When we have a training table contains many columns that should be used for training like https://www.kaggle.com/mlg-ulb/creditcardfraud, it’s not friendly if we must provide all column names in COLUMN clause. Since we’d like to use all columns, when we write SELECT * then we can assume that we are using all columns to train and no longer need to write COLUMN anymore:

  1. SELECT * FROM creditcardfraud
  2. TO TRAIN DNNClassifier
  3. LABEL class
  4. INTO my_model_name;

We assume all the selected columns without specific annotations will be derived automatically.

For columns that may need to do preprocessing, we can add those preprocessing descriptions in the COLUMN clause.

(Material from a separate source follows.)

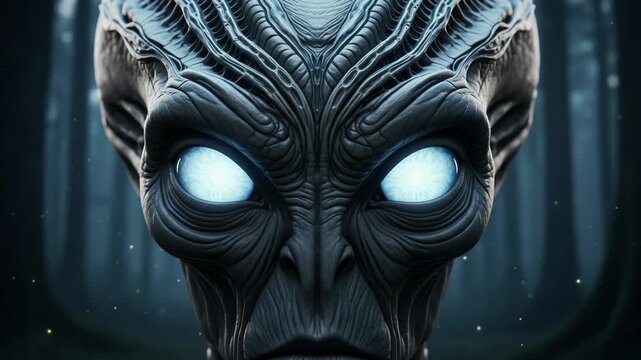 Closeup portrait of an alien creature with glowing blue eyes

For the credit card fraud dataset, assume only the column time should be processed use a function before feed to the model, so the SQL statement should look like:

  1. SELECT * FROM creditcardfraud
  2. TO TRAIN DNNClassifier
  3. COLUMN YOUR_NORMALIZE_FUNC(time)
  4. LABEL class
  5. INTO my_model_name;

For more complex cases when columns are of quite different data format, like:

column namedata type
afloat
bfloat
cstring (csv as a dense tensor)
dstring (csv as a sparse tensor)
labelint

If the column represents a “dense tensor”, we can get the shape by reading some of the values and confirm the shapes are the same.

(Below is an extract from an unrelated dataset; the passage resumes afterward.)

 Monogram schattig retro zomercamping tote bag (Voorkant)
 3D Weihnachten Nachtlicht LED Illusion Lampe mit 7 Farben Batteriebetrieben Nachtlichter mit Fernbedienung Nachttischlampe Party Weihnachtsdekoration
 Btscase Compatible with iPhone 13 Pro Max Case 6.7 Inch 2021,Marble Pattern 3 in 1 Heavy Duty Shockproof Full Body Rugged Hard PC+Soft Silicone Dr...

While we can not infer the actual “dense shape” by reading the data if the CSV string column represents a sparse tensor, nor whether the column should use a embedding feature column. So, these information must be provided by the SQL statement, the SQL statement for the above case should be like:

  1. SELECT * FROM training_table
  2. TO TRAIN DNNClassifier
  3. COLUMN EMBEDDING(c, 128, "sum"),
  4. EMBEDDING(SPARSE(d, [1000000]), 512, "sum")
  5. LABEL label
  6. INTO my_model_name;

You can also write the full description of every column like below:

  1. SELECT a, b, c, d, label FROM training_table
  2. TO TRAIN DNNClassifier
  3. COLUMN a, b,
  4. EMBEDDING(DENSE(c, [64]), 128, "sum"),
  5. EMBEDDING(SPARSE(d, [1000000]), 512, "sum")
  6. LABEL label
  7. INTO my_model_file;

For CSV values, we also need to infer the tensor data type by reading some of the training data, whether it’s int value or float value. Note that we always parse float values to float32 but not float64 since float32 seems enough for most cases.

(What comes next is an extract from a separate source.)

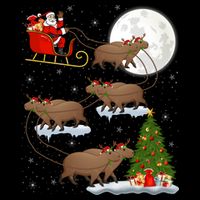 Funny Xmas Lighting Tree Santa Riding Capybara Christmas Gift Cooling Performance Crew T-Shirt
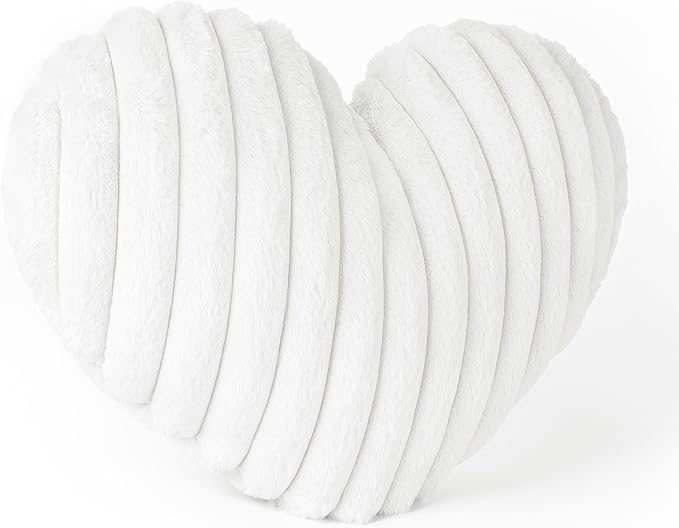 AELS Heart Shaped Pillow, 20 Inches Heart Decorative Throw Pillows, Faux Fur Love Cute Pillows, Valentines Day Decorations, Wedding Decor, Living Room Bedroom Nursery Decor, White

The Feature Derivation Routine

We need to SELECT part of the training data, like 1000 rows and go through the below routine:

  1. If the column processor is specified in the COLUMN clause, parse the column as described. try to infer the inner data type by reading some data, if float value presents, then the dtype should be float32.
  2. If the column data type is numeric: int, bigint, float, double, can directly parse to a tensor of shape [1].
  3. If the column data type is string: VARCHAR or TEXT:
    1. If the string is not one of the supported serialized format (only support CSV currently):
      1. If all the rows of the column’s string data can be parsed to a float or int value, treat it as a tensor of shape [1].
      2. If the int value of the above steps is very large, use categorical_column_with_hash_bucket.
      3. The string value can not be parsed to int or float, treat it as enum type and use categorical columns to process the string to tensors.
      4. If the enum values in the above step have very little in common (like only 5% of the data appeared twice or more), use categorical_column_with_hash_bucket.
    2. If the string is of CSV format:
      1. If already appeared in COLUMN clause, then continue.
      2. If all rows for this column have the same number of values in the CSV, parse the column to a “dense” tensor, use this dense tensor directly as model input.
      3. If the rows contain CSV data of different length, then return a parsing error to the client and top.

After going through the above “routine” we can be sure how to parse the data for each column and what feature column to use. Also, we can add support more serialized format in additional to CSV, like JSON or protobuf.